• _MATERIAL TO PROCESS_:
*** Begin section ***

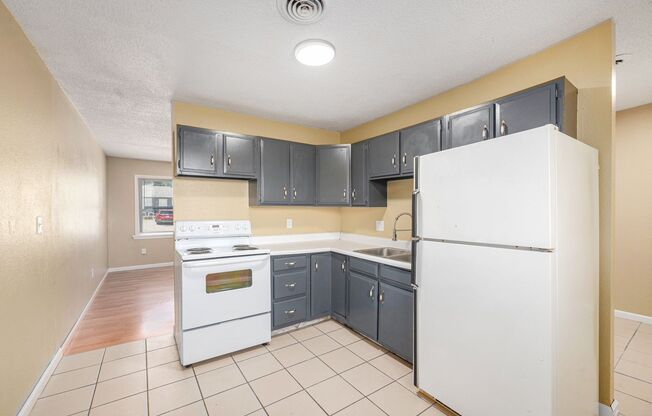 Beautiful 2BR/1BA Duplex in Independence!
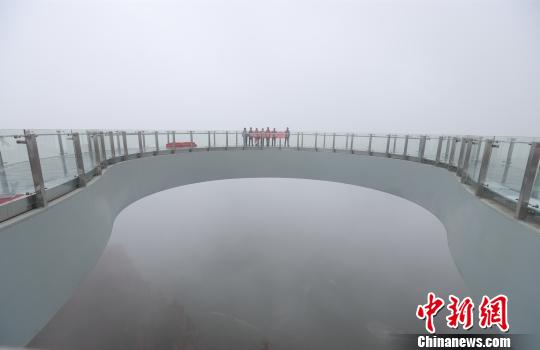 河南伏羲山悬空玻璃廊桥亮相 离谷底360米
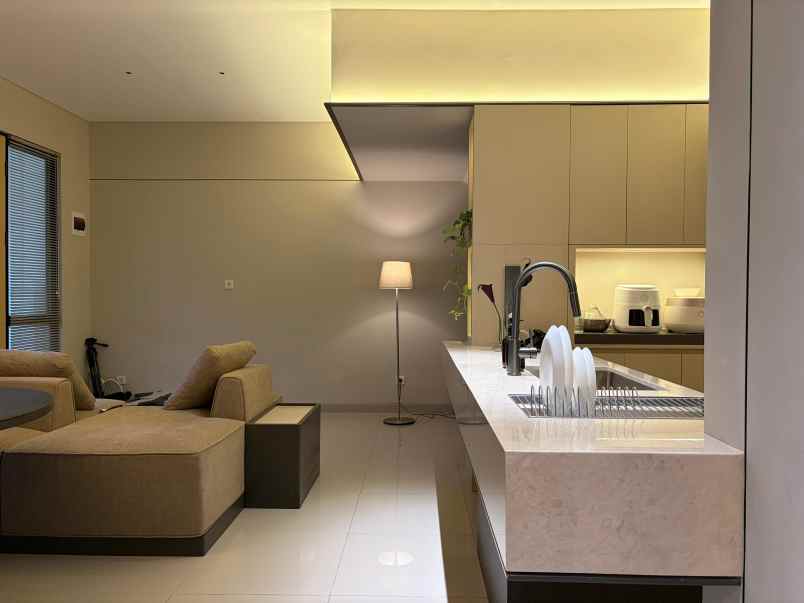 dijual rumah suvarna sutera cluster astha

*** End section ***
*** Begin section ***

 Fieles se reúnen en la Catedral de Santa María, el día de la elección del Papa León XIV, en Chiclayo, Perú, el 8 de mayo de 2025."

*** End section ***

• _REQUIRED ACTION_: Please set down, exactly and with no pictures, the lines in the entries above starting at the one holding "Beautiful 2BR/1BA Duplex in Independence!" and ending at the one holding "dijual rumah suvarna sutera cluster astha", ends included.

• _SOLUTION FOR THIS PROBLEM_:
 Beautiful 2BR/1BA Duplex in Independence!
 河南伏羲山悬空玻璃廊桥亮相 离谷底360米
 dijual rumah suvarna sutera cluster astha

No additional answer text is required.